Мать ничего не ответила. Она промолилась всю ночь и на следующий день, взяв десятилетнего Василия, пошла с ним в одну часовню. Там она спросила:
— Что с тобой, сынок, почему ты непрерывно плачешь? Скажи мне правду!
— Мама, ничего не случилось. Я только вспоминаю, как ты все время плачешь, не могу этого вынести и плачу сам.
— Послушай, сынок. Я плачу о грехах своих и о вас, как я говорила тебе, и особенно о тебе. Я вижу особое призвание твое и молю, чтобы Бог тебя укрепил. Я, как видишь, пошла в «мир», вышла замуж, завела семью. Наши скорби ты знаешь. Я тебе скажу одну вещь: я бы хотела, чтобы ты стал монахом или священником и посвятил себя Богу. Ты призван к такой жизни. Дашь ли ты слово здесь, перед иконами, что последуешь этому пути?
Василий на минутку задумался и затем ответил твердым голосом:
— Да, мама, я даю тебе слово.
Кто может осознать величие этого приношения со стороны матери и твердое решение маленького Василия, который в возрасте десяти лет избрал монашеский путь!
Безусловно, это напоминало последование монашеского пострига, где новопостриженный монах обещает пребывать «в монастыре и в подвиге до последнего издыхания».
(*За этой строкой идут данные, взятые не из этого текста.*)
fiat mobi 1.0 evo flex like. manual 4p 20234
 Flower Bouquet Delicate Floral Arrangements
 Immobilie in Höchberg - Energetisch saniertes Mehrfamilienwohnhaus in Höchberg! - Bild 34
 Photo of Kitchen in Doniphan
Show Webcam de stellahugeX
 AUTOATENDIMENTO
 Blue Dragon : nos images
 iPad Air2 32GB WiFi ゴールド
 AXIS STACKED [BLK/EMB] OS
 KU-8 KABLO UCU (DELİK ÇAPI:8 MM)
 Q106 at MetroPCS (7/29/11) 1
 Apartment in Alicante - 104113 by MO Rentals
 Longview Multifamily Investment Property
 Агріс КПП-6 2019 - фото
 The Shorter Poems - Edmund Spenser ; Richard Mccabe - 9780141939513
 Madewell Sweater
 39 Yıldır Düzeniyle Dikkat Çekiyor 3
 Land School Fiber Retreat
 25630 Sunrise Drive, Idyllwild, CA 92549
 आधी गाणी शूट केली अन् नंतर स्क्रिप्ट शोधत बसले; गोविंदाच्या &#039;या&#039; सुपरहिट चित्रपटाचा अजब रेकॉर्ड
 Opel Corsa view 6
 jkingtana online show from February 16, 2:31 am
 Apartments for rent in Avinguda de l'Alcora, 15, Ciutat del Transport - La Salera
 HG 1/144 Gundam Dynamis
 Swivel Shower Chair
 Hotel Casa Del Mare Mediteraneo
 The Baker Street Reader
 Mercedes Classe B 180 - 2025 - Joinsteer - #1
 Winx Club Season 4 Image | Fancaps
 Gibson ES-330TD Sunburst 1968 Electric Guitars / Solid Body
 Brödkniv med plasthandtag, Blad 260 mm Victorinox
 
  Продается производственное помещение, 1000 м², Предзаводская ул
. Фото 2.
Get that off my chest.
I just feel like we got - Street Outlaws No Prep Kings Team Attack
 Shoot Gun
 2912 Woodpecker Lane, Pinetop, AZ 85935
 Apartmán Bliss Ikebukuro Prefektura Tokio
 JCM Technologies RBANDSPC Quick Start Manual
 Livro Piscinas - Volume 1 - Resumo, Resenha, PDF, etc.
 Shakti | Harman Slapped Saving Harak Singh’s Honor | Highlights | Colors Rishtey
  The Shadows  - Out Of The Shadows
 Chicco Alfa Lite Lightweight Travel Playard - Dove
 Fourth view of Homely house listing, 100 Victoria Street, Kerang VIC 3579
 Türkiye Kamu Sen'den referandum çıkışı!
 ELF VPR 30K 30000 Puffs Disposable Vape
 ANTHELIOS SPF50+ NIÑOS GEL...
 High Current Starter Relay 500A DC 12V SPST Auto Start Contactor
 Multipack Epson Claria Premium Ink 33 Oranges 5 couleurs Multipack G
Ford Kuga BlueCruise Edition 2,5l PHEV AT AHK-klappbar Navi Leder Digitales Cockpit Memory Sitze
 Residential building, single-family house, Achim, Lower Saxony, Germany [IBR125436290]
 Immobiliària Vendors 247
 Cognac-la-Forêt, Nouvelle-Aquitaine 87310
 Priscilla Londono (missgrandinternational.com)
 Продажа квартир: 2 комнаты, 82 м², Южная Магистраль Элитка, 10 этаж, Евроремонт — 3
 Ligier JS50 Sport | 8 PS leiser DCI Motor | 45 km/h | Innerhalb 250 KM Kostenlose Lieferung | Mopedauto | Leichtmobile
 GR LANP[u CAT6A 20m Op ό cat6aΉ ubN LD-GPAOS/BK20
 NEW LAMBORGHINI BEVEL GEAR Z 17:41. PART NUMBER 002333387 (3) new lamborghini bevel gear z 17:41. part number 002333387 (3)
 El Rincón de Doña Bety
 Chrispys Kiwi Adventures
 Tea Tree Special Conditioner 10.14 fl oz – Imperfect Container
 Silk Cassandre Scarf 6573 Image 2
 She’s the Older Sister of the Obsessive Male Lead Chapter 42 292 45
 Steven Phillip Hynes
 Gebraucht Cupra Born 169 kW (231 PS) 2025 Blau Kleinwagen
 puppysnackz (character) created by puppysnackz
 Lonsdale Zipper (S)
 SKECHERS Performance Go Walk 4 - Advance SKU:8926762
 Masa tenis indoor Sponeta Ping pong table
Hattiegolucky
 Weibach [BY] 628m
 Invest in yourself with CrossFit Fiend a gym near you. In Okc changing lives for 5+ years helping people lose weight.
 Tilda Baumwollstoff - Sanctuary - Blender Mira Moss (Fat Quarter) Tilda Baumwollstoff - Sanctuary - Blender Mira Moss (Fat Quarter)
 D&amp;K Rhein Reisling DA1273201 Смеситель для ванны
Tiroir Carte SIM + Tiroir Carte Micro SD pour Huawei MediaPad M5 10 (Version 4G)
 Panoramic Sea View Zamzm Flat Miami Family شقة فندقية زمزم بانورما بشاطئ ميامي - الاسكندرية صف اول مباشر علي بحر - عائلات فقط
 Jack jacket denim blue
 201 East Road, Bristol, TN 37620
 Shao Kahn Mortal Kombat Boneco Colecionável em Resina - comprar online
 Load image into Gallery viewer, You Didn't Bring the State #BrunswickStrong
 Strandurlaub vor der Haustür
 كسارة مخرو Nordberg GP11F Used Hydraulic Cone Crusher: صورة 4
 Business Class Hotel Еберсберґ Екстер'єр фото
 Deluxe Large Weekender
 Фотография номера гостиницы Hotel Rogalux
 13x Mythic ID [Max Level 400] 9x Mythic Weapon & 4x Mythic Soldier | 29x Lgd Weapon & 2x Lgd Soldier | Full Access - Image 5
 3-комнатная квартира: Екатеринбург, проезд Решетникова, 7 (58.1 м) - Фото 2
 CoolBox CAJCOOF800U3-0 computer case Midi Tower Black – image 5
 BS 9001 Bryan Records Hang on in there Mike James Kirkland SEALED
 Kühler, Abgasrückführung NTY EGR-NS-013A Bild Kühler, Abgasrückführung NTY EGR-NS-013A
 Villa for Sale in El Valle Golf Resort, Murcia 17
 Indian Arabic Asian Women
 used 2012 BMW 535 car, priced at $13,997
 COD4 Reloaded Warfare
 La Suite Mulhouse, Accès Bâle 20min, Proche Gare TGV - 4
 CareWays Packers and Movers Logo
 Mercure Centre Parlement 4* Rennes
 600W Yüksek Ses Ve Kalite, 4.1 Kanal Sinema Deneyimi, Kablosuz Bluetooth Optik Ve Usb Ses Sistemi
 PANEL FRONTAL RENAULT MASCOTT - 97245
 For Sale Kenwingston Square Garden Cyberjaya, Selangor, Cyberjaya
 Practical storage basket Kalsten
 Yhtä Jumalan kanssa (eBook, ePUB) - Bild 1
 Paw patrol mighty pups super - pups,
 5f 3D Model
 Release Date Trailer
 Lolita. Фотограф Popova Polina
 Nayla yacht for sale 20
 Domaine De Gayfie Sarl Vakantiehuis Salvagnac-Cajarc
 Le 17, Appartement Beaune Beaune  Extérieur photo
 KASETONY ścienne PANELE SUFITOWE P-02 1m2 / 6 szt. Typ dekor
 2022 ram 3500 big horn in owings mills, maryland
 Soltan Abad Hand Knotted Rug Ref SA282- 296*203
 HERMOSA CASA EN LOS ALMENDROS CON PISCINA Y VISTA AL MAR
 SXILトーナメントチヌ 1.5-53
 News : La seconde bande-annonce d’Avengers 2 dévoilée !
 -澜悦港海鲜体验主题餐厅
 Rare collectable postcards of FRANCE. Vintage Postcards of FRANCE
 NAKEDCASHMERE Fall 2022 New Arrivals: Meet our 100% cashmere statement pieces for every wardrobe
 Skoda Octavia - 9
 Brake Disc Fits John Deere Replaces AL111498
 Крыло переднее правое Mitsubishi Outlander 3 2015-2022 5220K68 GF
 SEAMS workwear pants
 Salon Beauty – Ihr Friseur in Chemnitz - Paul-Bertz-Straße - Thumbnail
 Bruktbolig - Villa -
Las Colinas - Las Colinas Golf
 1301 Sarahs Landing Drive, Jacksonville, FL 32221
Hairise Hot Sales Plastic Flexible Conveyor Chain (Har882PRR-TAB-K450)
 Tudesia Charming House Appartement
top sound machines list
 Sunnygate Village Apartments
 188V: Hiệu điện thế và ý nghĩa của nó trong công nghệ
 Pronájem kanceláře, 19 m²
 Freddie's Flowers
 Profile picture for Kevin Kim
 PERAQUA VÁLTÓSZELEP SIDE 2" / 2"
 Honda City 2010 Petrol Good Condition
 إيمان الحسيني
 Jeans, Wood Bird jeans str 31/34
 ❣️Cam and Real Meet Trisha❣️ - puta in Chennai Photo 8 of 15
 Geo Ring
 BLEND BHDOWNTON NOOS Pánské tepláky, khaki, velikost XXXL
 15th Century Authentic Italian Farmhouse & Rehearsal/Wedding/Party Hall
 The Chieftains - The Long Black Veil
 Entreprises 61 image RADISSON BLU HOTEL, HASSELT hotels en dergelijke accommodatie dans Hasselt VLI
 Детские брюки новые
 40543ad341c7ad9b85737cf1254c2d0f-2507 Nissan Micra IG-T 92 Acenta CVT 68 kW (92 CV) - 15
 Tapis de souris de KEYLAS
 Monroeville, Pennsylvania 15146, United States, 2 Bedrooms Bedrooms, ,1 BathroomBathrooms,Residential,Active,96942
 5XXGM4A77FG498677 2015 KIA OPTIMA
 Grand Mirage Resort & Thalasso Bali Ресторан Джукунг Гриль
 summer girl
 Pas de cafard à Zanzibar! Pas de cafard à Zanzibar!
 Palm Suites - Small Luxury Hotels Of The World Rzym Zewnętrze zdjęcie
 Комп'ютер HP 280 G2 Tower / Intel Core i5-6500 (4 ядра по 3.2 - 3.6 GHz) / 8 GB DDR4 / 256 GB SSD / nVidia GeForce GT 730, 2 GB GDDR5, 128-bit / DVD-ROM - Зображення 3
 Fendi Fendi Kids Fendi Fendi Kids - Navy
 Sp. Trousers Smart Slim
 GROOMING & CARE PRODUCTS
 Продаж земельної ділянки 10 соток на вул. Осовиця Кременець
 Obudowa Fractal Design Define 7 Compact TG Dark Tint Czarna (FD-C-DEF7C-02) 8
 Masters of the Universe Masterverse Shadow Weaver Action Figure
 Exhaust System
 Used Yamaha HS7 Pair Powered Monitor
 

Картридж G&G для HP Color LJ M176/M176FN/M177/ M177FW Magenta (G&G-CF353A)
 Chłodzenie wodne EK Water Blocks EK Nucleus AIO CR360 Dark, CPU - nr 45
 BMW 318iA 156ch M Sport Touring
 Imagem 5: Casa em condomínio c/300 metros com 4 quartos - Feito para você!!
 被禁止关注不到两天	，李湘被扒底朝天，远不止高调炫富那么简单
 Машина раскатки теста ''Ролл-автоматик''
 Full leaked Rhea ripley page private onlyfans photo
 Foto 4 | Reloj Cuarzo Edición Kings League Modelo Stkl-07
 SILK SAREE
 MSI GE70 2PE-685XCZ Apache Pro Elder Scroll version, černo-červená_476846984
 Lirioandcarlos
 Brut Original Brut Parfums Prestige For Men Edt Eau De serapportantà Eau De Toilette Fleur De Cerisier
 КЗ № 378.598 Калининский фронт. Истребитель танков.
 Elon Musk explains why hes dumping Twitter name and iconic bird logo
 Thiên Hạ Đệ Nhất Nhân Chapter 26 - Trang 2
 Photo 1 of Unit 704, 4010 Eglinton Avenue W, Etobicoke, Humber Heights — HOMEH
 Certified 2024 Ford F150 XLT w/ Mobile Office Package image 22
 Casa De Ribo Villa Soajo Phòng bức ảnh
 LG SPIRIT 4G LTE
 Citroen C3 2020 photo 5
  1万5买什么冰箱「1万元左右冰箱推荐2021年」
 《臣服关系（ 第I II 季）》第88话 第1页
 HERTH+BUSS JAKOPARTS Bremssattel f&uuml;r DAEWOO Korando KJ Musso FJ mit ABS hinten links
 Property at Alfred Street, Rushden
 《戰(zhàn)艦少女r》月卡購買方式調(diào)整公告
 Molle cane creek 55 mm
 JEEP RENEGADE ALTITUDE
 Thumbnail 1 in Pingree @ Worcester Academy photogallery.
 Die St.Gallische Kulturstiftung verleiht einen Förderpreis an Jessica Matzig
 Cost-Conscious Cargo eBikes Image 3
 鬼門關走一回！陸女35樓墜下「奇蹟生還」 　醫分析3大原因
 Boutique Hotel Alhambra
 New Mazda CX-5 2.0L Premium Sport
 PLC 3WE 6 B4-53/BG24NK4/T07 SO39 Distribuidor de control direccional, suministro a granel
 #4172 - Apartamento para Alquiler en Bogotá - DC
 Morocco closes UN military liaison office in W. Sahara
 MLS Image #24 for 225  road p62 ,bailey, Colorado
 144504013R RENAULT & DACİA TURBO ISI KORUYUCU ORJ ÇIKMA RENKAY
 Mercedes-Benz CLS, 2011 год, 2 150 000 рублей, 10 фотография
Их дом находился недалеко от дома Мисаила. Василий, хотя и был еще ребенком, почувствовал духовное величие этого человека и часто посещал его. Мисаил несмотря на то, что избегал людей, видя веру и усердие своего маленького соседа, принимал его в гости. Они обсуждали вместе духовные вопросы. Мисаил учил его «умиленной» молитве. Василий слушал с большим вниманием, он ловил каждое слово, исходящее из уст этого опытного монаха в миру, и старался осуществить все на деле. Он подражал Мисаилу во всем: в манере поведения, в походке, в разговоре, как и все дети его возраста подражают героям.